L’accent est mis sur l’importance de la « sainte trinité » qui, dans les années 1930, fait de Bazaar un magazine de luxe avant-gardiste : Carmel Snow – rédactrice en chef – s’allie le talent d’Alexey Brodovitch – directeur artistique – et de Diana Vreeland – chroniqueuse de mode. Vreeland s’impose en styliste photographique ouvrant le magazine aux grands espaces et aux corps ensoleillés que Louise Dahl-Wolfe saisit en couleur Kodachrome. Carmel Snow introduit de grands noms de la photographies tels Man Ray puis Richard Avedon, en accord parfait avec les tendances de mode : le lyrisme d’Avedon se prête à l’envolée des robes du soir d’après-guerre. Elle baptise aussi la première collection « New Look » de Christian Dior en 1947 initiant un véritable Âge d’or. Cependant, les années 1950 remettent en question Bazaar tel que le montre le film Funny Face avec Audrey Hepburn dans le premier rôle. L’heure est à l’existentialisme et déjà aux premières illustrations d’Andy Warhol. L’évolution de Richard Avedon et les nouvelles ressources optiques photographiques conduisent à la révolution Pop et Op du fameux numéro futuriste d’avril 1965.
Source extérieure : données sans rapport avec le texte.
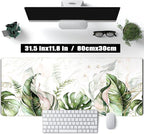 Green Tropical Leaves Desk Mat XL Large Gaming Mouse Pad Green Sage Plant - Image 2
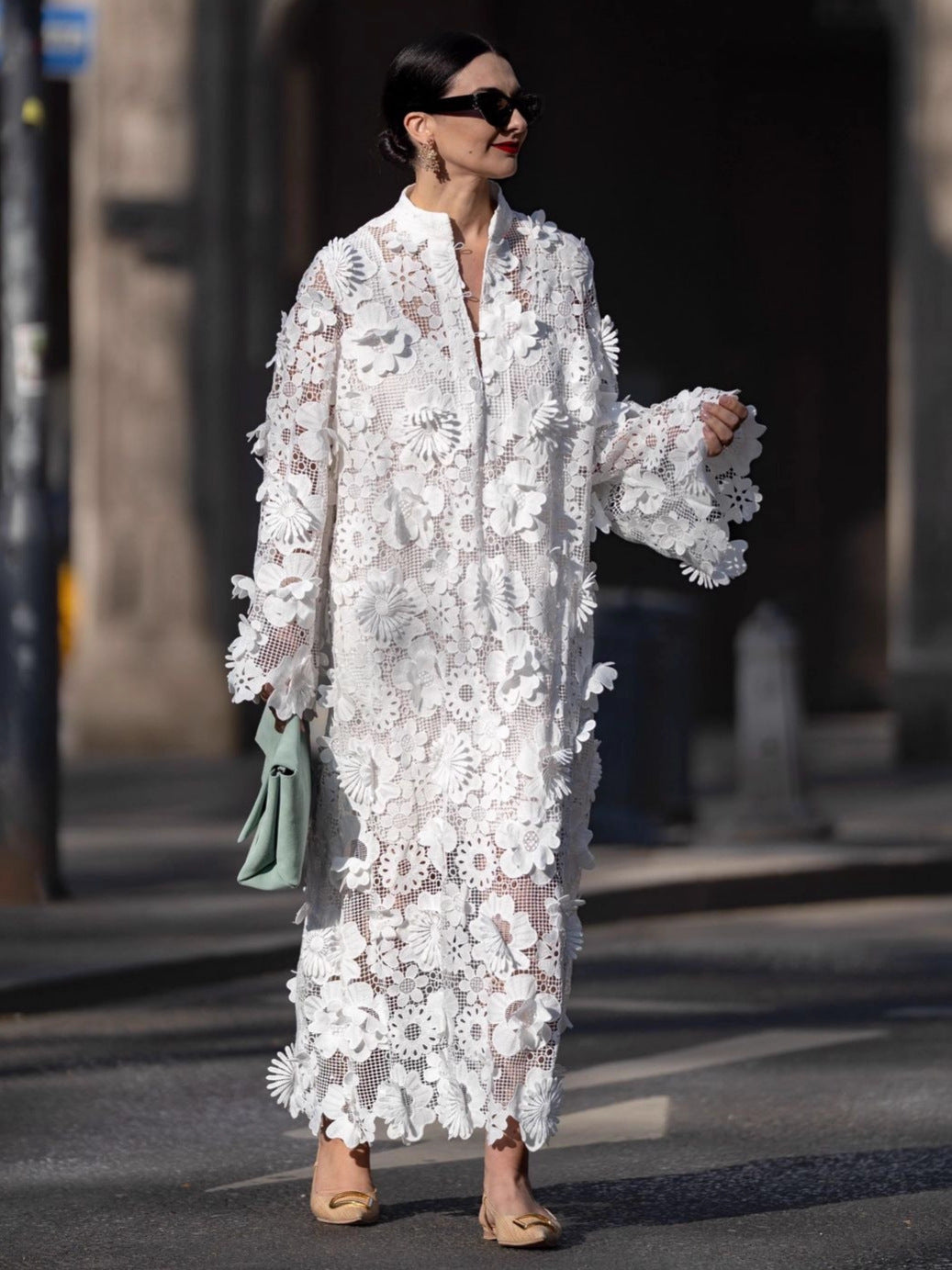 Women's Three-dimensional Flower Solid Color Long-sleeved Dress Dresses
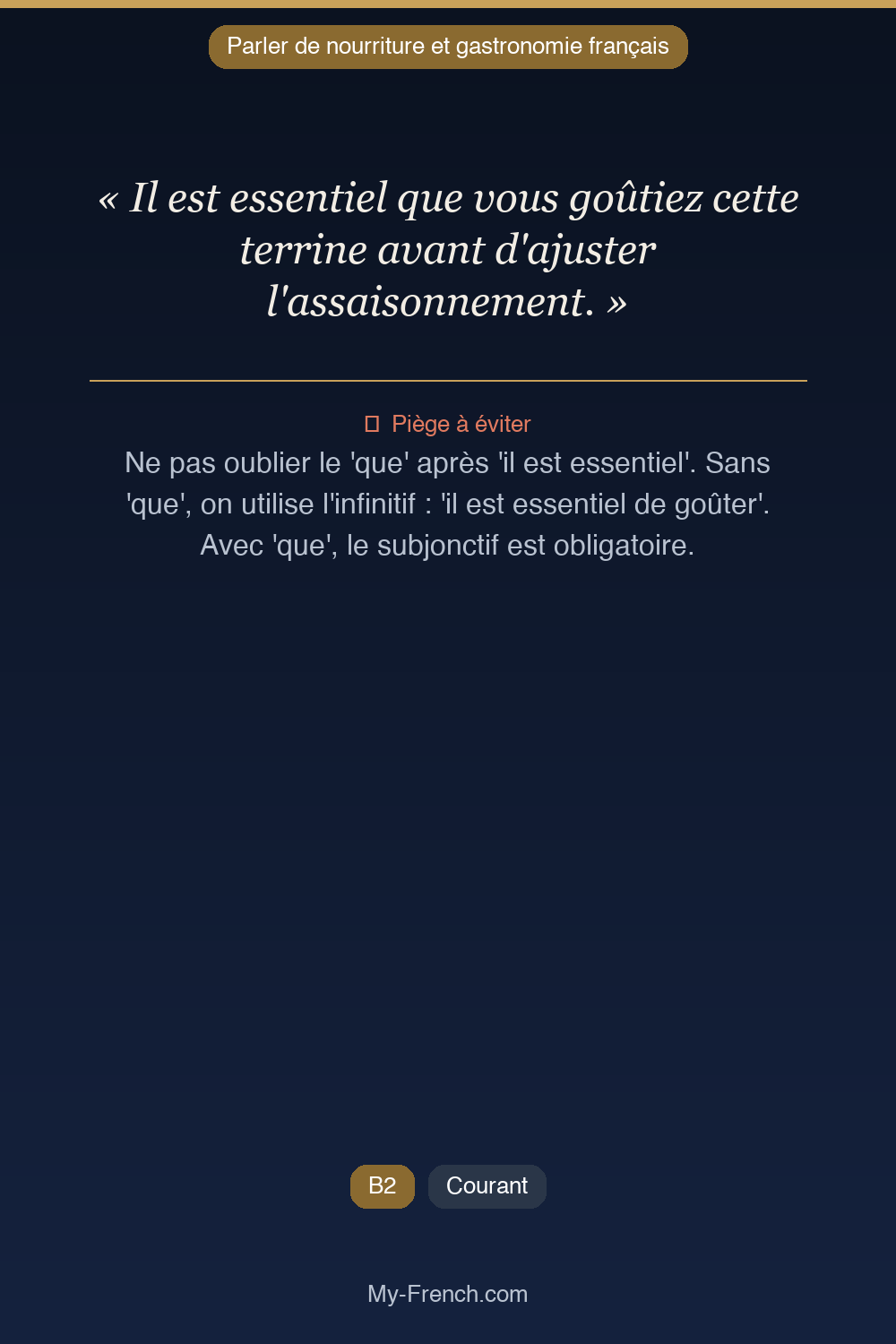 Français des affaires : « Il est essentiel que vous goûtiez cette terrine avant d'ajuster l'assa »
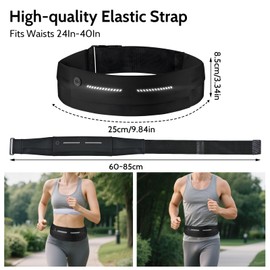 Running Belt Waist Pack, Lightweight Running Pouch Belt, Waterproof Running Waist Pack for Women Men, Adjustable Waist Packs, for Running, Exercising, Cycling & Outdoor Activities (Black)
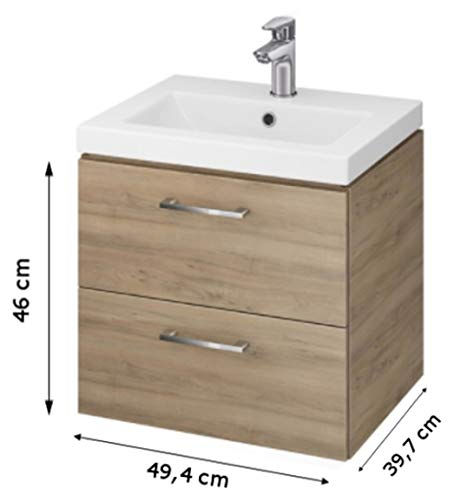VBChome Vanity Unit with Washbasin 50 cm Walnut - Bathroom Furniture Set with 2 Soft-Close Drawers - Wall-mounted Bathroom Cabinet with Ceramic Sink - Modern Design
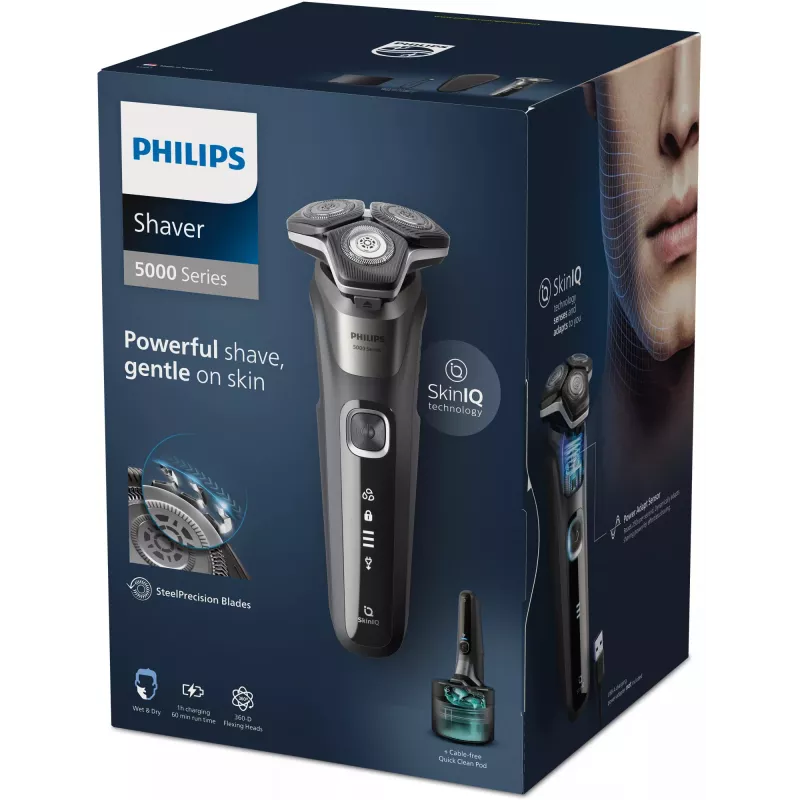 Afeitadora eléctrica Philips SHAVER Series 5000 S5887/50, afeitado en húmedo y en seco con cuchillas SteelPrecision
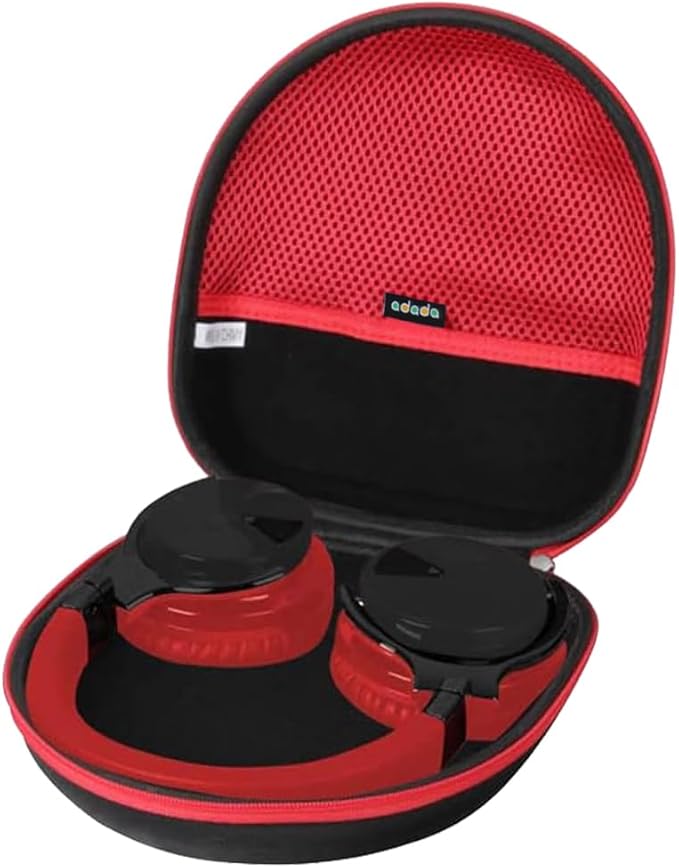 Adada Hard Travel Case for Silensys / PurelySound / MOVSSOU / COWIN / Tapela / Audonia E7 Active Noise Cancelling Bluetooth Headphones (Black+Red)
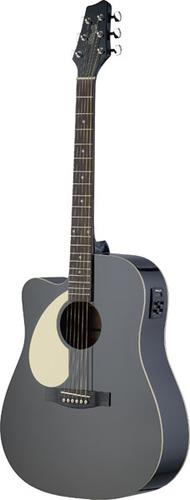 Stagg SA30DCE-BK LH Electro Acoustic Dreadnought Guitar (Black)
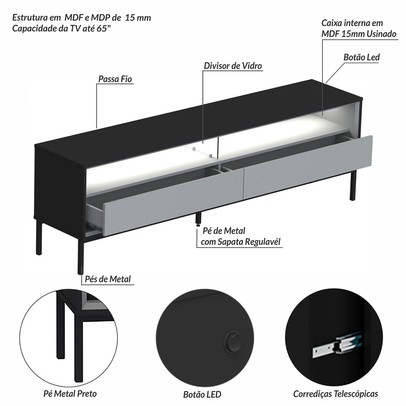Rack para TV Até 65 Polegadas Fusion 2 Gavetas com Led Preto/Off White - Olivar Móveis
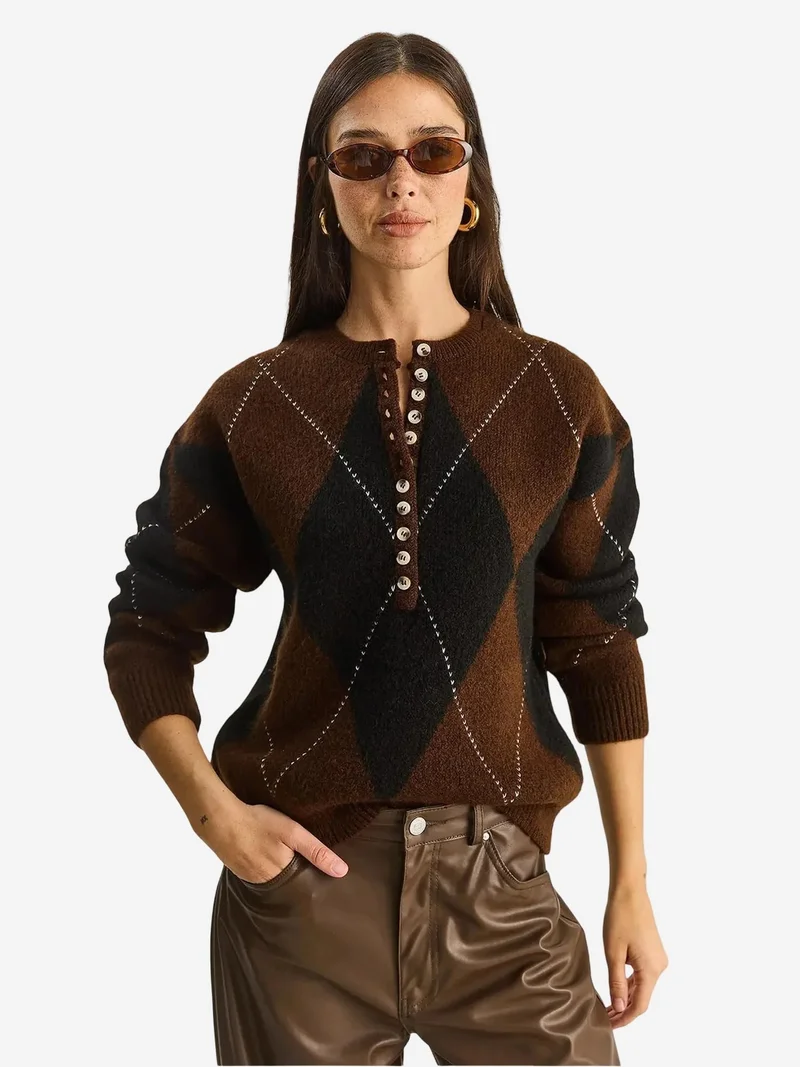 Bianco Lucci Black LUCCI Knit Crew Neck Sweater with Button Closure for Women | Best Price UAE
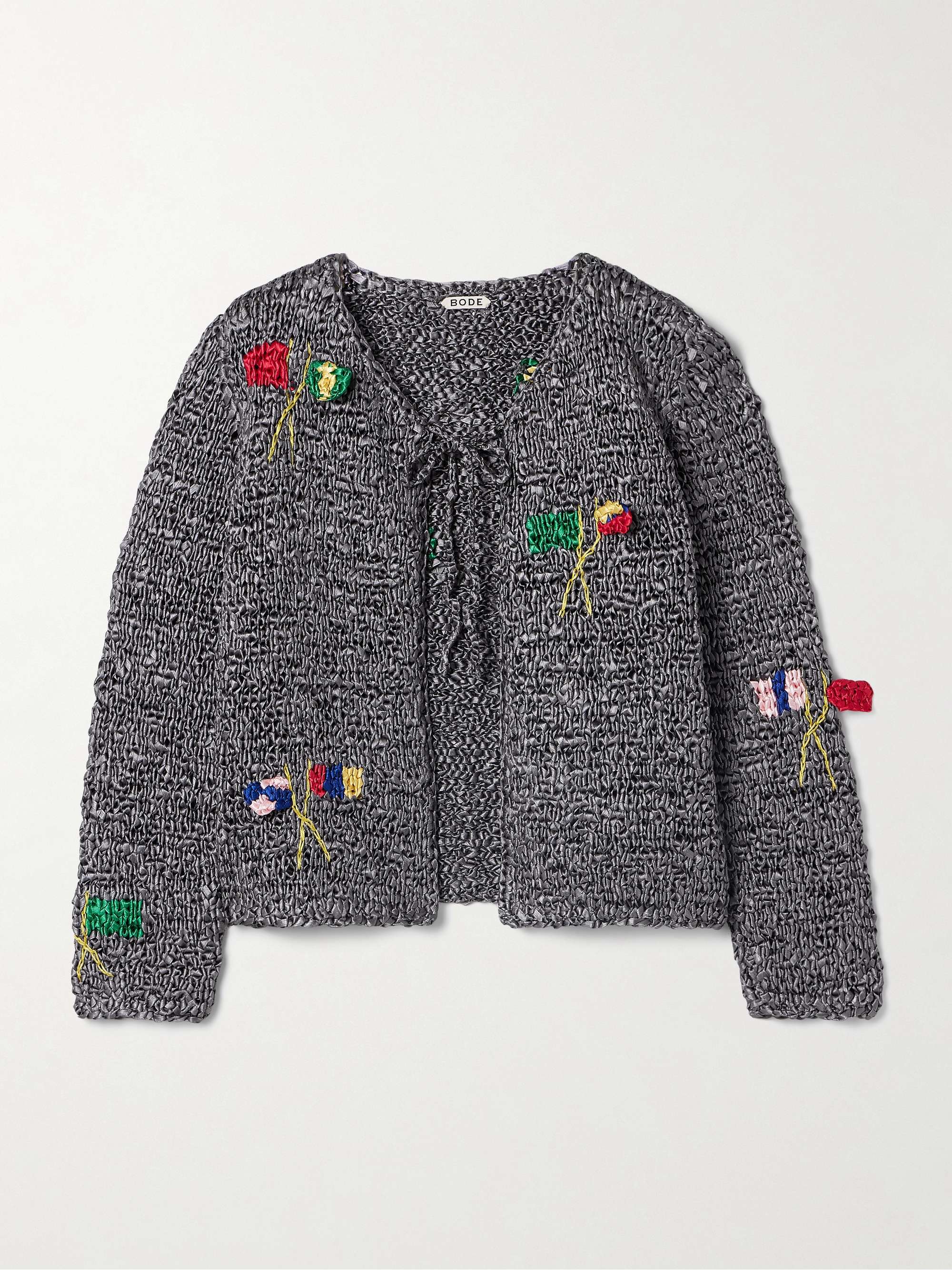 Promenade crocheted satin cardigan view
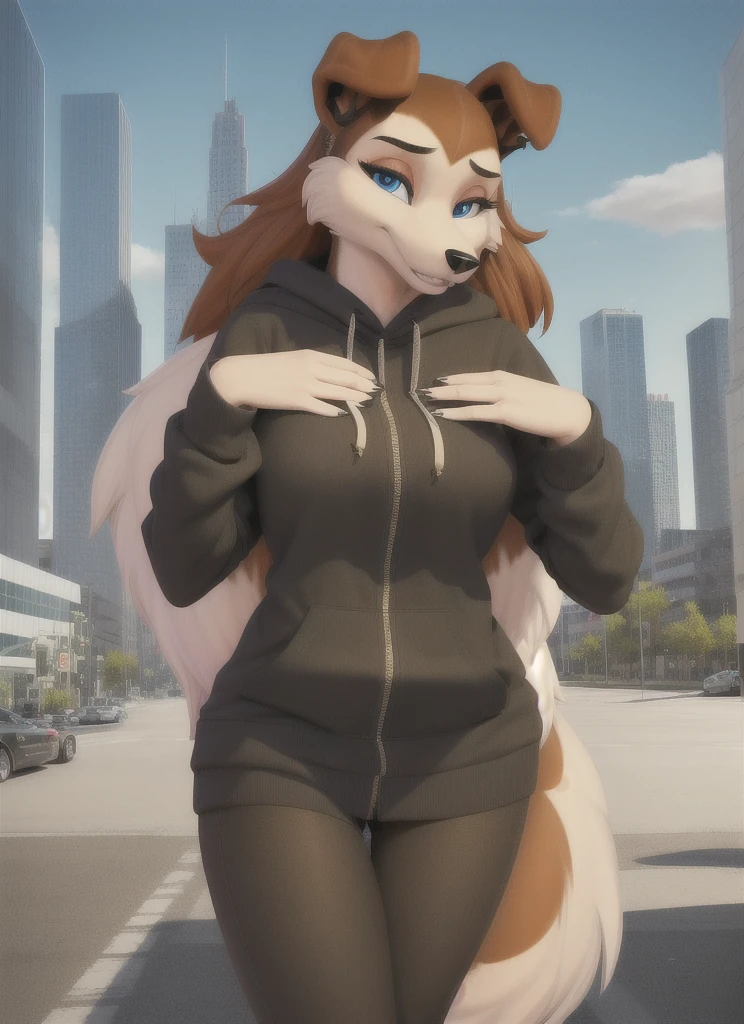 colleen, furry female anthro, dog girl, portrait, close-up, long hair,  (hoodie:1.2),  fur trim, solo, (body fur:1.2), (best quality), (detailed urban background:1.2), dramatic lighting, (detailed fluffy fur:1.1), looking at viewer,  medium breasts, 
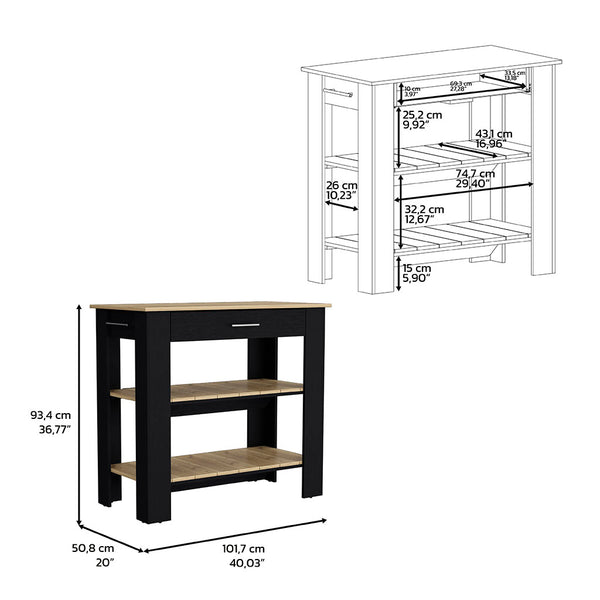 English Elm Kitchen Island 40 Inches Dozza With Two Shelves, Modern Black Wengue & Light Oak Finish Design B092123276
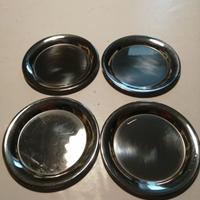 Set 4 piattini sottobottiglia in acciaio inox 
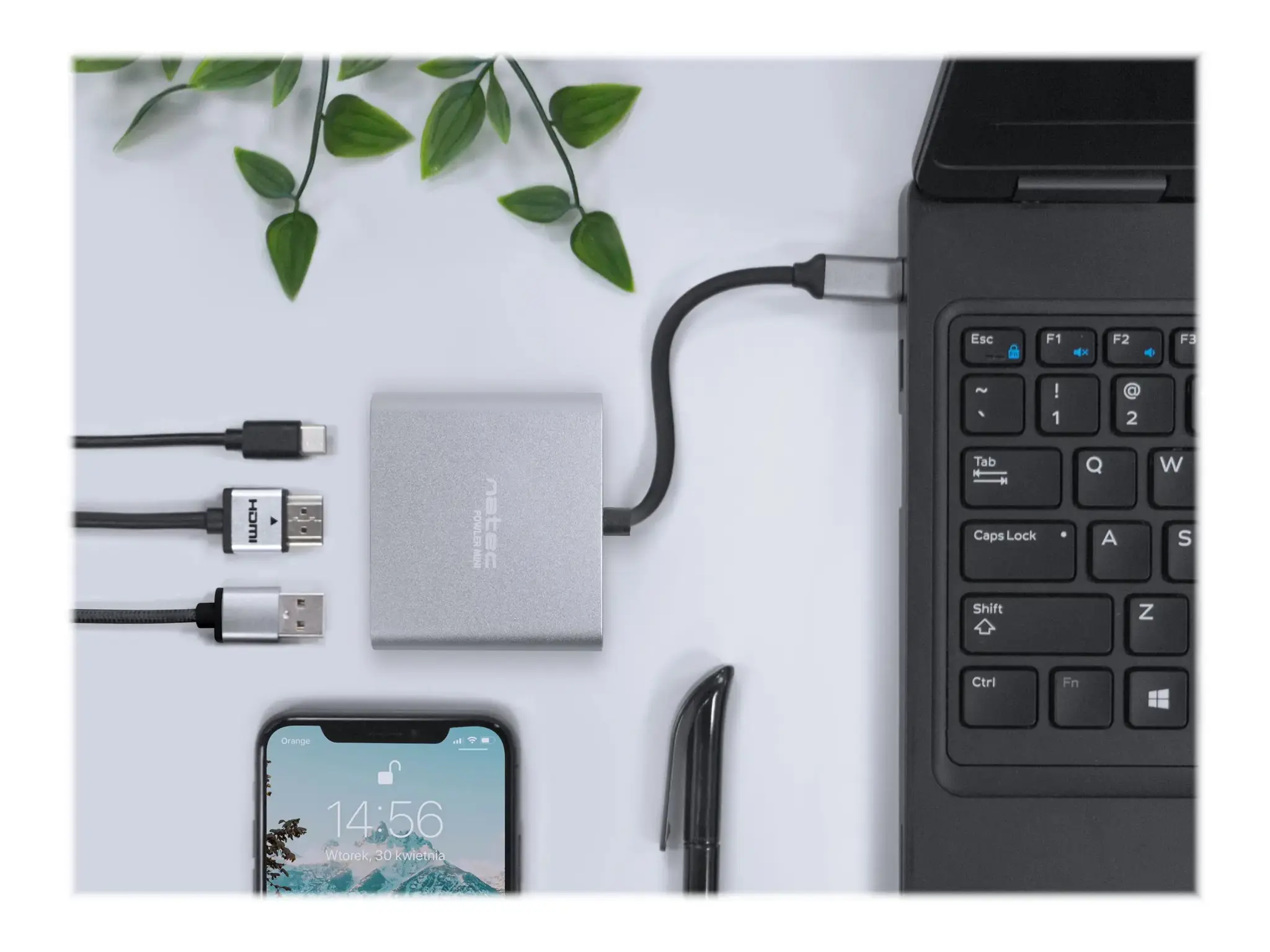 NATEC kelių prievadų Fowler USB-C pd. USB 3.0. HDMI 4K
À sa suite, le photographe Hiro fait de la mode un champ d’expérimentations en s’inspirant de l’art cinétique et en combinant films couleurs et flashs. Auras, distorsions, irisations des clichés des années 1970 se reflètent aussi dans la création de mode colorée et brillante des années DDD : Disco, Dallas et Dynastie donnent le ton du Bazaar des années 1980 dirigé par Mazolla marquées par la présence en couverture des portraits de célébrités du Star Système photographiées en ektachrome et en plan très rapproché. En 1992, Liz Tilberis, rédactrice en chef, et Fabien Baron, directeur artistique, renouent avec l’élégance classique du magazine grâce à une refonte de sa typographie et au choix d’une esthétique affirmée. Linda Evangelista et Kate Moss sont mises en lumières par Patrick Demarchelier ou Peter Lindbergh.
Avec l’arrivée de Glenda Bailey en 2001 en tant que rédactrice en chef, accompagnée par Stephen Gan et Elisabeth Hummer – directeurs artistiques, le magazine se fait spectacle et s’ouvre à la fantaisie. Les photographes tels Jean-Paul Goude ou Simon Procter sont meneurs de revue. L’heure est au backstage, aux coulisses, aux grandes compositions photographiques et aux ambitieuses prises de risque. La beauté et l’éclat du magazine s’accompagnent néanmoins d’un grand respect pour son histoire. Cette exposition est la première consacrée à un magazine de mode qui ne se limite pas à la simple présentation de photographies : elle se penche autant sur la question de la direction artistique que sur l’impact du graphisme et de la photographie, sur le rôle des femmes et des hommes qui, autant que ceux qui la créent et la portent, défendent une certaine idée de la mode. Dans un musée qui a fait de la mode l’un de ses piliers, il n’est pas inutile de rappeler que le magazine de mode est très souvent le premier matériau qui permet d’en écrire l’histoire comme il est aussi le premier véhicule de la diffusion et de la connaissance de la mode, un élément de définition de son identité, un acteur fondamental du système de la mode remis ici dans sa juste perspective.